Es así que frente a la profunda crisis moral y ética que afecta prácticamente al conjunto de la clase política en diferentes latitudes y regímenes políticos, el ámbito de la cultura tiene tareas fundamentales a las que no puede renunciar. En primer lugar, tratar de definir los caminos para encontrar soluciones pacíficas y tolerantes a las controversias que surgen de la actual polarización política por medio del “uso público de la razón”.5 En segundo lugar, ejercer permanentemente el espíritu crítico como una actitud razonada, laica e ilustrada frente a una realidad compleja que reclama soluciones innovadoras e incluyentes.6 En tercer lugar, y por último, definir los senderos para mantener la vigencia de las libertades civiles y políticas de todos los ciudadanos independientemente de cualquier otra consideración.7 Esto es importante a la luz de la actual disputa política que se presenta atiborrada de certezas revestidas con la fastuosidad del mito del liderazgo y que están edificadas con la piedra dura del dogmatismo. De la contraposición entre política y cultura derivan aquellas posiciones que solo ven la realidad en términos de una oposición radical entre el aquí y el allá, es decir, entre nosotros y ellos. No pudiendo disolver el nudo ciego que se ha creado, ahora se pretende cortarlo de tajo. Pero justamente para cercenarlo no es necesaria la razón, que es el arma de los intelectuales, sino que basta la espada, que es uno de los instrumentos de la política. Se privilegia, de esta manera, una visión antagónica y conflictiva de la realidad al tiempo que desaparecen las concepciones del diálogo, el acuerdo y la cooperación.
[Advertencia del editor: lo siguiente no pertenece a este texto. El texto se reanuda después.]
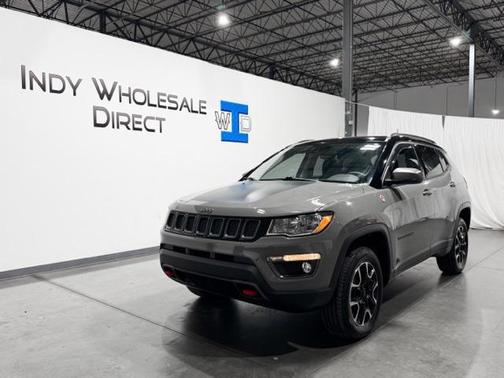 2021 Jeep Compass Trailhawk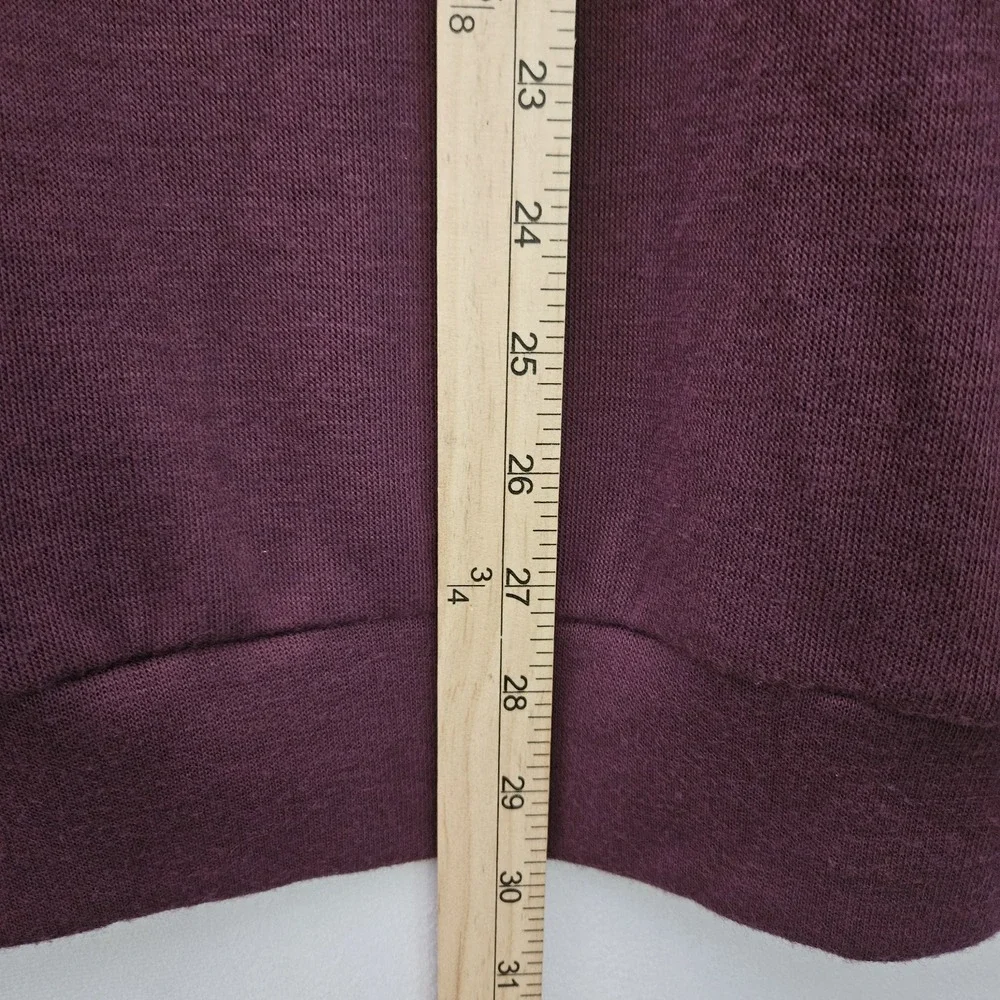 Mizzen + Main Sweater Men's XL Pomerelle Trim Fit V-Neck Long Sleeve Performance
El intelectual es un intérprete de los tiempos que debe ejercer la crítica y estimular la persuasión. Su misión es la de sembrar dudas y no la de recoger certezas. Su presencia en el espacio público es muy importante ante la pérdida de rumbo, el desconcierto generalizado y la ausencia de sentido que actualmente identifica a la política.8 Para intentar abrir camino, es necesario instrumentar una “política de la cultura” que permita distinguir y delimitar los diferentes tipos de poder: el económico, el ideológico y el político, es decir, los poderes que derivan de la riqueza, del saber y de la fuerza. Esta tipología del poder puede considerarse como un elemento constante en las teorías sociales contemporáneas y, por lo tanto, permite tener presente que a diferencia del poder económico y del poder político, el poder ideológico tiene una importancia social determinante porque permite la organización del consenso y del disenso.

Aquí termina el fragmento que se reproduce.